### What you are asked to do
How many lines of these records hold the string "page"? Reply with the number alone.

### Input material
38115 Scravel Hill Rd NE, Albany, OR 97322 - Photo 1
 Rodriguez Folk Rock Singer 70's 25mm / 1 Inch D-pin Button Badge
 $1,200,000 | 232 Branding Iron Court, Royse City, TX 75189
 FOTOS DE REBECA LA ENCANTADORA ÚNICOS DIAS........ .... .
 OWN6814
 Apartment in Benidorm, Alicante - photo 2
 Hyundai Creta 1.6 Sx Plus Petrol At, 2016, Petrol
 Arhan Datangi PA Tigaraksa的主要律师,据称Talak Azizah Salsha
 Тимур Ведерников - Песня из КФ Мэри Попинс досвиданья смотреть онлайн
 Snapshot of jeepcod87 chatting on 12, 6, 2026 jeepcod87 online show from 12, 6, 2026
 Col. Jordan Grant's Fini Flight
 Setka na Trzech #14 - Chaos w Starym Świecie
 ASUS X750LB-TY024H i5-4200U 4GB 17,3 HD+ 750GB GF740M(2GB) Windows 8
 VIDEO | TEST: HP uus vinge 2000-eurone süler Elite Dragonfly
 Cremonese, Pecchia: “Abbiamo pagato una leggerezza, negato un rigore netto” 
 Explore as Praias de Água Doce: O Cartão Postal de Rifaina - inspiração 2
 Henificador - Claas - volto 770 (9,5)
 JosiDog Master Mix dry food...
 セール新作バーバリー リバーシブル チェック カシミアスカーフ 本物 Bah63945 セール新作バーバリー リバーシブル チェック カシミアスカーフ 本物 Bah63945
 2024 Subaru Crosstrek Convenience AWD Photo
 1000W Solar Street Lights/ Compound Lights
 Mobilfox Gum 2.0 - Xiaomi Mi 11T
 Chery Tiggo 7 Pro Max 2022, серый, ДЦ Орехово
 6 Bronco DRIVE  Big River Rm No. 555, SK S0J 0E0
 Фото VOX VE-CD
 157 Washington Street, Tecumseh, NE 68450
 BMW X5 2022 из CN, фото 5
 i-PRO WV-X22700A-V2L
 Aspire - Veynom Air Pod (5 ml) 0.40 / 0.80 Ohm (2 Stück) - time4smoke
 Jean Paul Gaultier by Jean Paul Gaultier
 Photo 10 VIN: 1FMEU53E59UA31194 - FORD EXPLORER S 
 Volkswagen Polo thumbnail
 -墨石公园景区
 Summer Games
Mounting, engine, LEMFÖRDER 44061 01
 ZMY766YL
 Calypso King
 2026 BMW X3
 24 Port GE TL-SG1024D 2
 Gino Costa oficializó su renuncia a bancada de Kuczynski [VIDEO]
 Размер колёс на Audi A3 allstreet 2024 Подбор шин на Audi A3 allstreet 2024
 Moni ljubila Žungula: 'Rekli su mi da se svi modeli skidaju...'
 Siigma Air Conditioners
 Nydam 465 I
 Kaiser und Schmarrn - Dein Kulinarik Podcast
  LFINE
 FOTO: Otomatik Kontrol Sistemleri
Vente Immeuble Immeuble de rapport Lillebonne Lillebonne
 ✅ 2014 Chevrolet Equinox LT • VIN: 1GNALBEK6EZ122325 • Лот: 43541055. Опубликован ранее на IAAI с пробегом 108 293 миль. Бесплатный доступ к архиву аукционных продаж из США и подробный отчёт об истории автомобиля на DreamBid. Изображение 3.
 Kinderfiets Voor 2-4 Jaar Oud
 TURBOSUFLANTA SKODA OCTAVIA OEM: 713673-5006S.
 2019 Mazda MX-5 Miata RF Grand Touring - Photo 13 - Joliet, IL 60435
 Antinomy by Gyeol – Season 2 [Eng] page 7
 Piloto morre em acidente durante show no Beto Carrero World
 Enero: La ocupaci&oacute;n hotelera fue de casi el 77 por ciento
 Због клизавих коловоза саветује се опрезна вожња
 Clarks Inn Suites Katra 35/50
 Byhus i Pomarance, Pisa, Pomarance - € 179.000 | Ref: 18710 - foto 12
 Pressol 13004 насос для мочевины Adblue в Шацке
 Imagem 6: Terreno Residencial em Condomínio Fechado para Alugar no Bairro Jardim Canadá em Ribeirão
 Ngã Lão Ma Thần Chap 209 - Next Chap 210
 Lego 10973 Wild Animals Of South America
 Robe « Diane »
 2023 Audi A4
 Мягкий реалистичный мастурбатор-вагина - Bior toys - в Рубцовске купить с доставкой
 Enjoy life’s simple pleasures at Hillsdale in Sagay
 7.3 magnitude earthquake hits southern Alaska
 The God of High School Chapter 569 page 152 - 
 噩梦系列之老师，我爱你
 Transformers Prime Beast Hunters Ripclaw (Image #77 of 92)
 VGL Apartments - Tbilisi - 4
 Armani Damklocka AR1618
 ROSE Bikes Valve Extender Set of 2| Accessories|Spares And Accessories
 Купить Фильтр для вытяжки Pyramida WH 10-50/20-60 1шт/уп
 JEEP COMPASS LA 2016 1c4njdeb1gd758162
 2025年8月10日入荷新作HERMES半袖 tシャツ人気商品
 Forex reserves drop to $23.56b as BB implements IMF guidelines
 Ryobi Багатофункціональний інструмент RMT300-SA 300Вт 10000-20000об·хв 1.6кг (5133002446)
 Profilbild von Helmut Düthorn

### Output
2